Le livre reste bien culturel le plus acheté par les Français. Dans un contexte d’érosion des ventes, le marché du livre bascule paradoxalement dans une logique de surproduction. Alors que le budget consacré aux livres par les Français a été divisé par deux depuis 1968, le nombre de nouveautés publiées chaque année a triplé pour atteindre 70.000 titres par an ! Ainsi, il se produit chaque année autant de livres qu’un gros lecteur pourrait en lire en 19 vies. Dans le même temps les éditeurs font des tirages supérieurs aux ventes attendues afin de rendre les livres plus visibles dans les points de vente. Il en résulte que pour une tonne de papier consommée, seule la moitié se retrouve dans des livres vendus.

La révolution digitale du monde du livre reste à venir avec comme enjeu clé de faciliter la rencontre entre l’offre et la demande. En pratique, comment organiser la rencontre entre un livre et ses futurs lecteurs ? Comment recommander aux lecteurs leurs futurs coups de cœur ?

A quoi ressemblera la révolution digitale du livre si elle ne transforme pas l’objet livre et son mode de consommation ? Elle reposera sur la technologie et en particulier sur des outils de recommandation personnalisés. Ce sont ces algorithmes qui ont créé la révolution digitale dans le monde de la musique. Dans le secteur du livre, des outils similaires existent désormais. 

Leur généralisation va conduire à un changement de modèle ; comme dans la musique on va passer progressivement d’un modèle où les goûts sont guidés par un centre (les maisons d’édition, les libraires, les critiques) à un modèle décentralisé, plus guidé par les lecteurs. Ce nouveau modèle, partant des goûts des utilisateurs, va renforcer la légitimité des lecteurs quelles que soient leurs lectures. Il devrait ainsi élargir l’accès d’un plus grand nombre de personnes à la lecture.

Les acteurs du livre sont-ils prêts au changement qui sera induit par ces technologies ? Les pratiques évoluent de manière accélérée ; les libraires développent de nouvelles manières de vendre avec des boutiques en ligne ou le clic and collect. Les éditeurs investissent le digital pour faire la promotion de leurs titres et animer des communautés de lecteurs.

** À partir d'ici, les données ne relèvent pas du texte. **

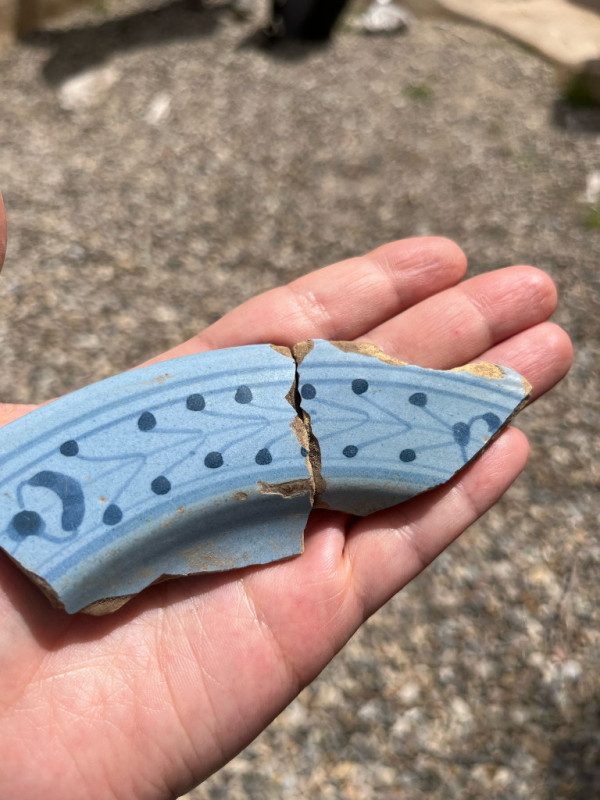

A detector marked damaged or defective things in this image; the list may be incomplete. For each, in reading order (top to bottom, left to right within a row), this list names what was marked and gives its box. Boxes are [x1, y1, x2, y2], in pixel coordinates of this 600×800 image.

broken ceramic shard [0, 338, 528, 612]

Approfondir la connaissance du lectorat et utiliser des services ultra-personnalisés est la prochaine frontière pour le secteur du livre pour les libraires comme pour les éditeurs. Loin de s’opposer aux conseils du libraire, les suggestions issues d’un algorithme sont complémentaires ; elles sont un nouveau moyen pour créer de l’intérêt pour la lecture et in fine des ventes de livres ; donc de nouveaux clients en librairie. L’utilisation de ces technologies par les éditeurs peut aider chaque livre à trouver ses lecteurs, mais, utilisées plus en amont, elles pourront bientôt aider à ajuster l’offre à la demande en aidant par exemple à estimer les volumes.

Les nouvelles technologies de recommandation sont une opportunité pour le livre et pour le secteur du livre. Bien utilisées, elles peuvent transmettre le goût de la lecture, notamment auprès de nouveaux publics, dont les plus jeunes. Utiliser les algorithmes les plus pointus et le machine learning pour promouvoir la lecture, le livre papier, les éditeurs et les libraires… la révolution digitale du livre est en marche et le vénérable livre papier en ressortira renforcé.